Созвучия с христианской теологией навязчивы. Западают в душу и набранные зловещим курсивом интерлюдии, в которых герой посещает в сновидениях трех странных персонажей, по-видимому, мутантов, чье призрачное присутствие сопутствовало ему с детства: телепатку “Добрую Выжившую”, от которой он узнает о “Глухом Ухе” (открывшем, как использовать “молчаливый звук” светлячков), и “Вечного Человека”. Этот последний не может умереть и ничего не делает, а только постукивает по камню, в котором его палец за века пробил глубокую дыру. Вечный Человек достаточно стар, чтобы помнить свет, но он уже впал в маразм. Однако стоит Джеду заговорить о своей одержимости поисками “тьмы”, как Вечный Человек внезапно осознает весь ужас “Отпадения от Света”. Ужасная тьма окружает нас со всех сторон, она буквально повсюду, вспоминает Вечный Человек, но Джед, разумеется, не в силах понять эти его слова.

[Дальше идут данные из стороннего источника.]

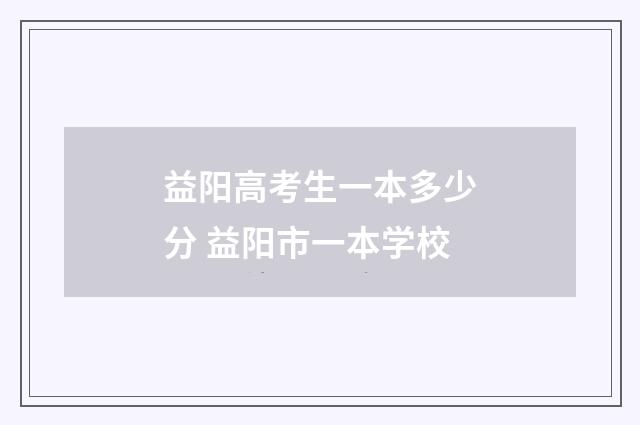 益阳高考生一本多少分 益阳市一本学校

Книга заканчивается репатриацией “выживших” во внешний мир, где свет реален, – в наш собственный мир, который настолько привычен нам, что мы забываем, насколько чудесны свет и дар зрения. Страх, испытанный Джедом после первой встречи с солнцем (несомненно, “Самим Водородом”), передан очень трогательно.

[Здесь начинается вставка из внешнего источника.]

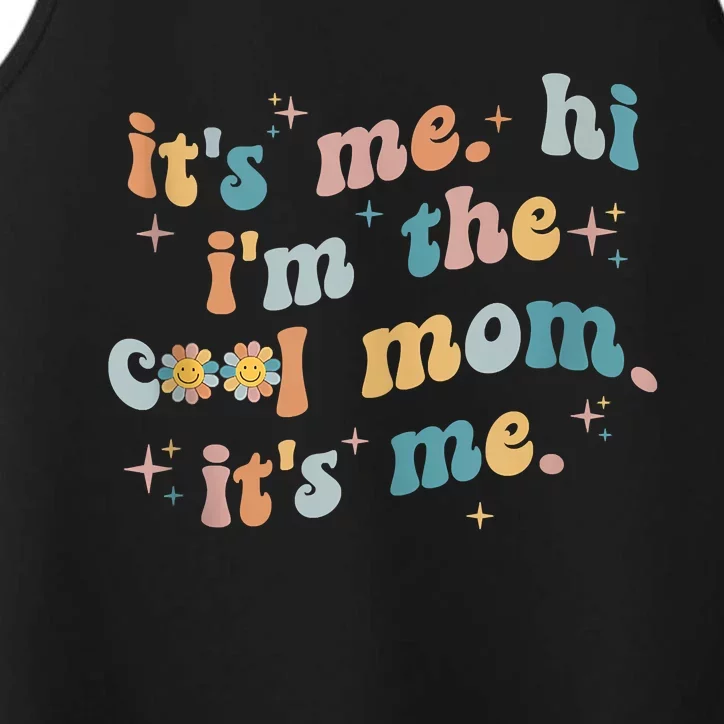 It's Me Hi I'm The Cool Mom It's Me Groovy Retro Performance Tank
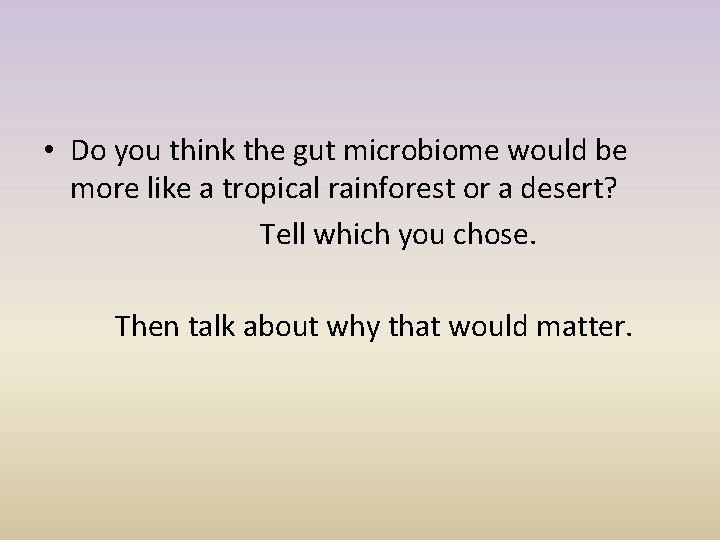  • Do you think the gut microbiome would be more like a tropical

Из всех романов, которые я читал, этот, возможно, я пересказываю другим чаще всего. Меня завораживает его идея, и я нахожу, что других она завораживает тоже[47]. Но в том, что касается теоретической аналогии, – значит ли она что-нибудь? Прочтите[48] и решайте сами.

Научное просвещение и Глубокие Проблемы

Впервые я прочел “Черное облако” (The Black Cloud) Фреда Хойла много лет назад и часто рекомендовал его другим, как в разговорах, так и в печати. У меня были хорошие отношения с издательством Penguin Books, и я уговорил их выпустить переиздание. Они согласились на условиях, что я напишу новое послесловие. Это я с удовольствием сделал, и текст (опубликованный в 2010 году) воспроизводится здесь. Позже, когда вышла аудиоверсия, меня пригласили начитать мое послесловие под запись.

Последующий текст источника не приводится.